Como o Festival de Berlim tem uma grande sensibilidade social, embora o filme paraguaio tenha sido o segundo filme exibido, não se sabendo o que trarão os outros filmes, fica o registro de algum provável prêmio.
O filme As Herdeiras mostra uma casa da burguesia paraguaia onde vivem duas senhoras, um casal homossexual, cujas famílias de origem européia tinham deixado uma boa herança (principalmente as de Chela), mas que foi acabando ao chegar o começo da velhice. Chiquita mais esperta abusa nas dívidas e acaba sendo presa, pois a lei paraguaia permite esse tipo de prisão por denúncia dos credores. Chela, que passava o dia pintando e nem saía de casa, precisa encontrar uma maneira para sobreviver e, além de ir vendendo os móveis e objetos da casa, acaba se tornando com seu velho carro de marca, na motorista para as senhoras de alta classe do lugar.
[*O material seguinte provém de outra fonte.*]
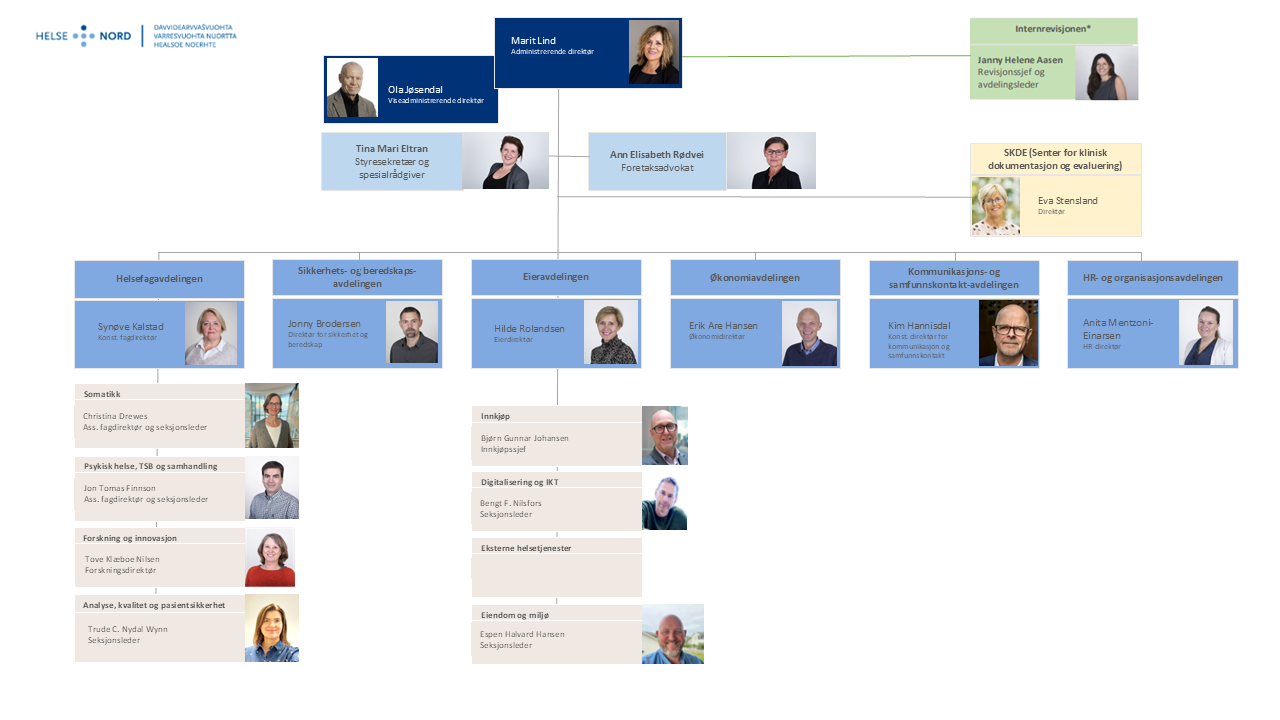 Organisasjonskart for Helse Nord RHF. Kartet viser hvordan RHF er organisert. På topp administrerende direktør, og viseadministrerende, i mørkeblå. Tilknyttet i grønn boks er Internrevisjonen. I lyseblå bokser rett under er styresekretær og foretaksadvokat. Under i gul boks er SKDE. I lyseblå bokser kommer avdelingene med sine seksjoner. Se avdelingssidene for navn og ledere.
Pouco a pouco seu espírito tímido e retraído vai descobrindo o mundo de fora e a independência que sua companheira lhe tirava. E é esse gosto pela liberdade recém-descoberta que Chela quer preservar quando Chiquita sai da prisão e quer retomar as rédeas do casal. “Essa casa era uma prisão, mas de certa forma assim vivem todas as mulheres paraguaias, pois embora sendo consideradas como mulheres objeto dos grande senhores , são elas que constituem o tecido social do país. O filme pode ser uma caricatura do que se passa na sociedade”, diz o realizador.
“O Paraguai era uma país invisível no cinema como é também na América Latina”. Martinessi diz ter se inspirado na sua infância para compor as cenas do filme, onde dentro de casa a luz é filtrada pelas cortinas e as bandejas do café seguem todo um ritual, obedecido pelas empregadas. No filme, Chela tem uma empregada paraguaia mestiça, que toma café na mesa com ela, coisa impossível nas famílias burguesas, acentua um jornalista paraguaio.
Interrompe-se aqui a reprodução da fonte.